### The records ###

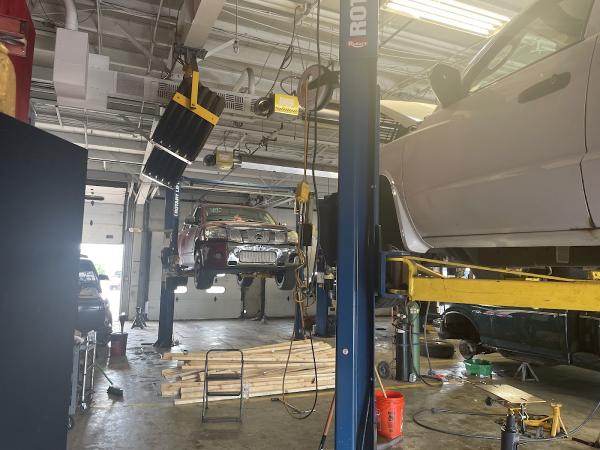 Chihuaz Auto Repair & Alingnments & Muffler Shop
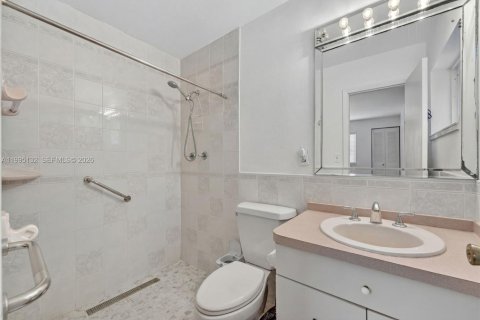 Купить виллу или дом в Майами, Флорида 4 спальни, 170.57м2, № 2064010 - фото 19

###
### The records ###

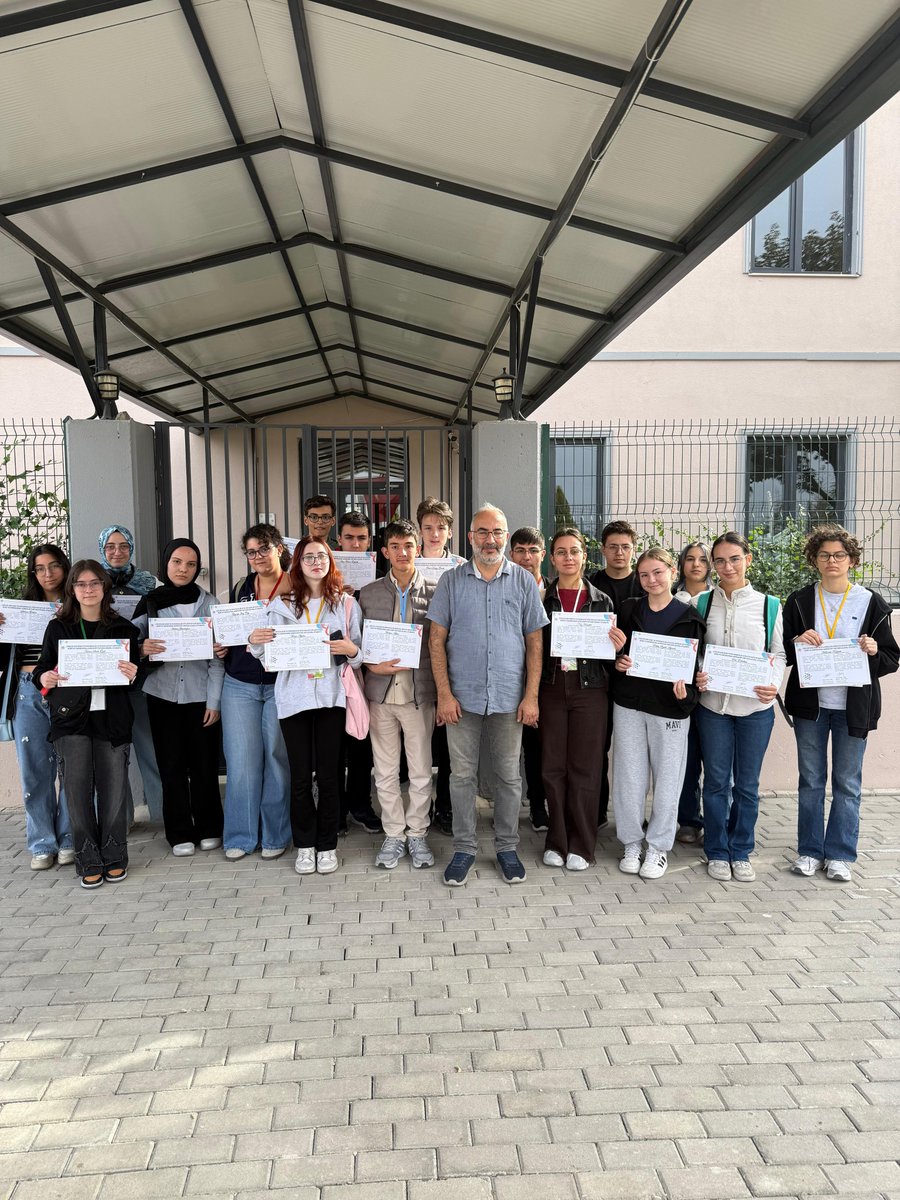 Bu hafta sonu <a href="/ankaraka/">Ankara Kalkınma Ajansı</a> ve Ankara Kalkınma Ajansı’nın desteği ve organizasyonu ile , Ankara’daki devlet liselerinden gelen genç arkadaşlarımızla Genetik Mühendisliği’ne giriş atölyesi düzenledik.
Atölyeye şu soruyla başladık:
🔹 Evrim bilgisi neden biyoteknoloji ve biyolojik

###
### The records ###

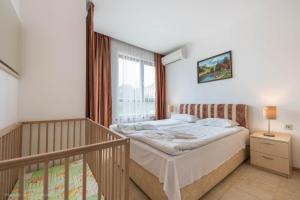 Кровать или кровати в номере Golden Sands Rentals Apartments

###

* _Exercise_
Using the entries above, repeat exactly the lines from the one with "Chihuaz Auto Repair" to the one with "Купить виллу или", both included, and leave the pictures behind.

* _The answer_
 Chihuaz Auto Repair & Alingnments & Muffler Shop
 Купить виллу или дом в Майами, Флорида 4 спальни, 170.57м2, № 2064010 - фото 19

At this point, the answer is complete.